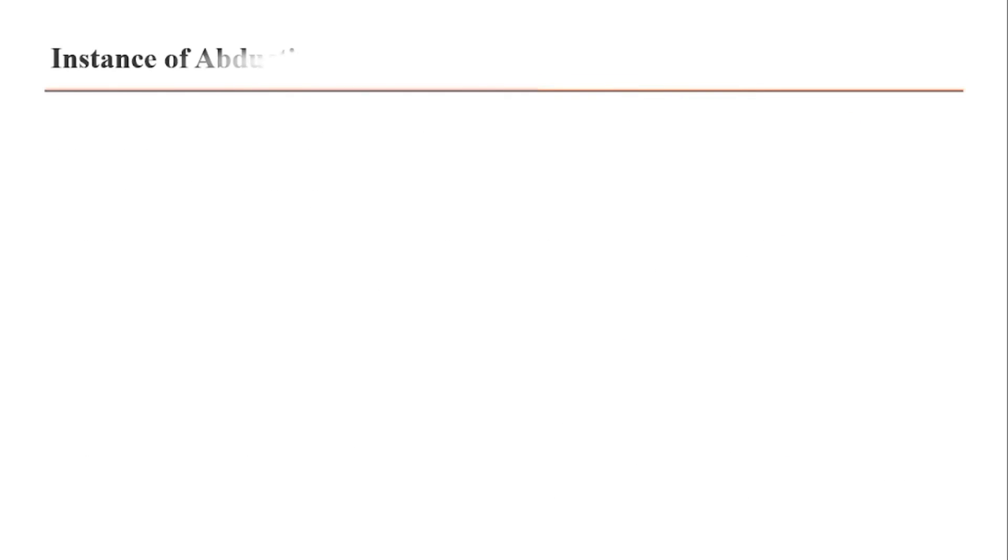Last but not least is the instance of abduction. It does not lead to a logically certain conclusion. The conclusion here is less probable than inductive reasoning.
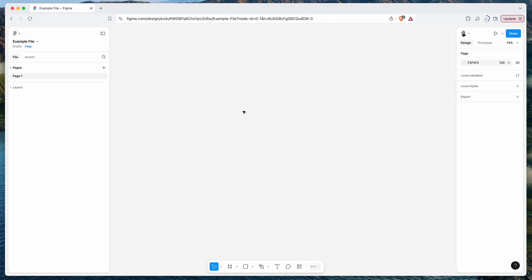Hey everyone, this is Adam, and today I'm going to be showing you a really quick tutorial on how to install and uninstall Figma plugins in the new Figma UI update that just came out in 2024.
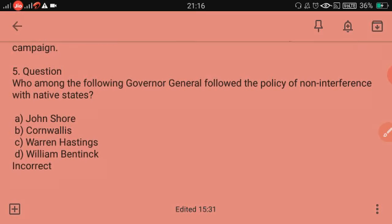Who among the following Governors-General followed the policy of non-interference with the native states? Options: John Lawrence, John Shore, Cornwallis, Warren Hastings, William Bentinck.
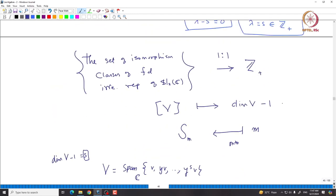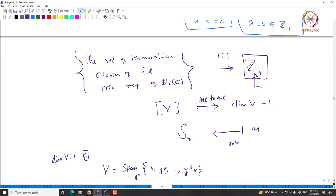This proves the map is bijective: a one-to-one correspondence between finite-dimensional irreducible representations of SL₂(C) up to isomorphism and non-negative integers. We will see an analogous picture for SLₙ representation theory, where ℤ≥0 is replaced by a more sophisticated model involving Young diagrams and semi-standard Young tableaux. Next, we will prove complete reducibility of finite-dimensional representations of SL₂. Thank you.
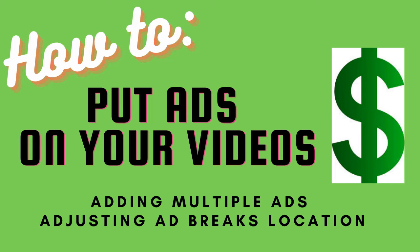Hello everyone and welcome back. My name is Kat and this is my channel Minsan Turista. Today I'm going to show you how to put ads in your videos, how to add multiple ad breaks, and how to adjust it.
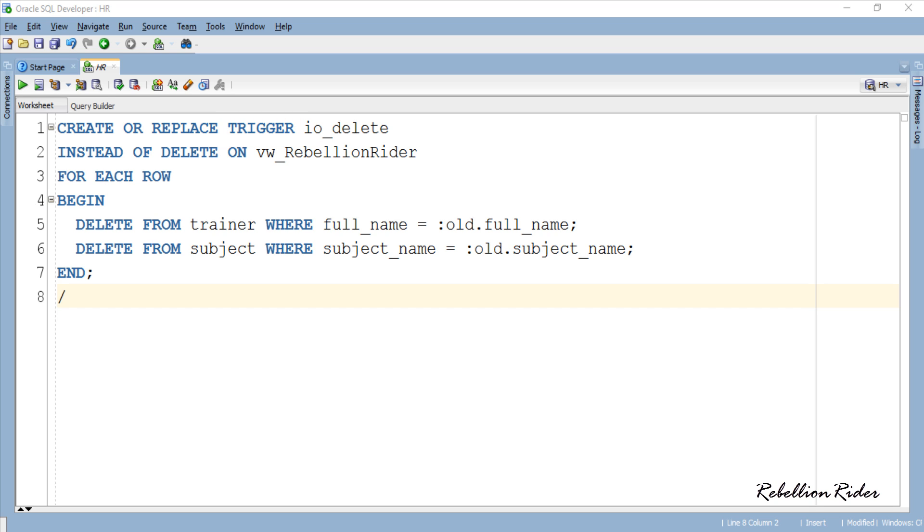Then in the second line we have action event that is INSTEAD OF DELETE. This call for action will make sure that this trigger will execute every time a delete DML fires on the underlying view which is VW_RebellionRider which we have specified next using keyword ON.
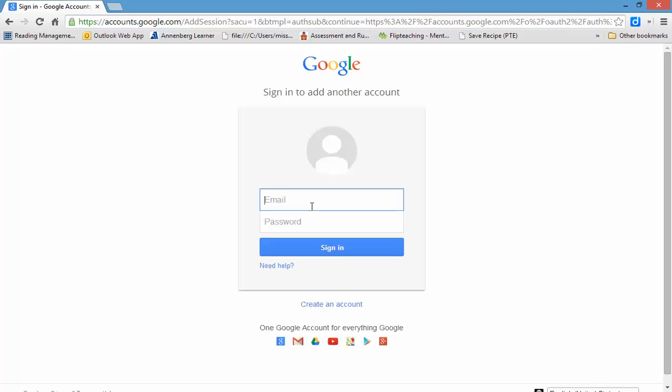So, my email would be mwyke at hcsindy.org. And then I would type in my password. And you click Sign In. And that will give you an account.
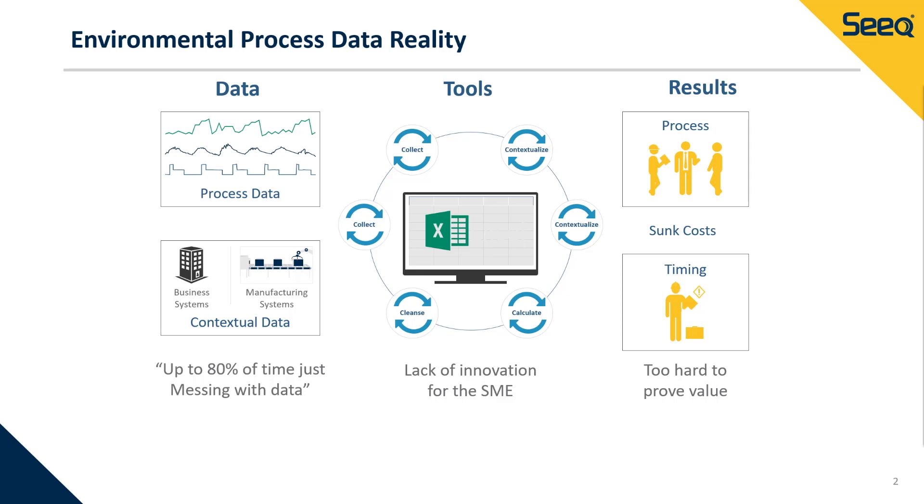To shift from this approach, organizations can use Seeq to empower their engineers with the right tools to analyze their environmental data in near real-time and share the results with the broader organization.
========
= What is required =
With the images excluded, output every record verbatim.

= Completed exercise =
Last but not least is the instance of abduction. It does not lead to a logically certain conclusion. The conclusion here is less probable than inductive reasoning.
Hey everyone, this is Adam, and today I'm going to be showing you a really quick tutorial on how to install and uninstall Figma plugins in the new Figma UI update that just came out in 2024.
Who among the following Governors-General followed the policy of non-interference with the native states? Options: John Lawrence, John Shore, Cornwallis, Warren Hastings, William Bentinck.
This proves the map is bijective: a one-to-one correspondence between finite-dimensional irreducible representations of SL₂(C) up to isomorphism and non-negative integers. We will see an analogous picture for SLₙ representation theory, where ℤ≥0 is replaced by a more sophisticated model involving Young diagrams and semi-standard Young tableaux. Next, we will prove complete reducibility of finite-dimensional representations of SL₂. Thank you.
Hello everyone and welcome back. My name is Kat and this is my channel Minsan Turista. Today I'm going to show you how to put ads in your videos, how to add multiple ad breaks, and how to adjust it.
Then in the second line we have action event that is INSTEAD OF DELETE. This call for action will make sure that this trigger will execute every time a delete DML fires on the underlying view which is VW_RebellionRider which we have specified next using keyword ON.
So, my email would be mwyke at hcsindy.org. And then I would type in my password. And you click Sign In. And that will give you an account.
To shift from this approach, organizations can use Seeq to empower their engineers with the right tools to analyze their environmental data in near real-time and share the results with the broader organization.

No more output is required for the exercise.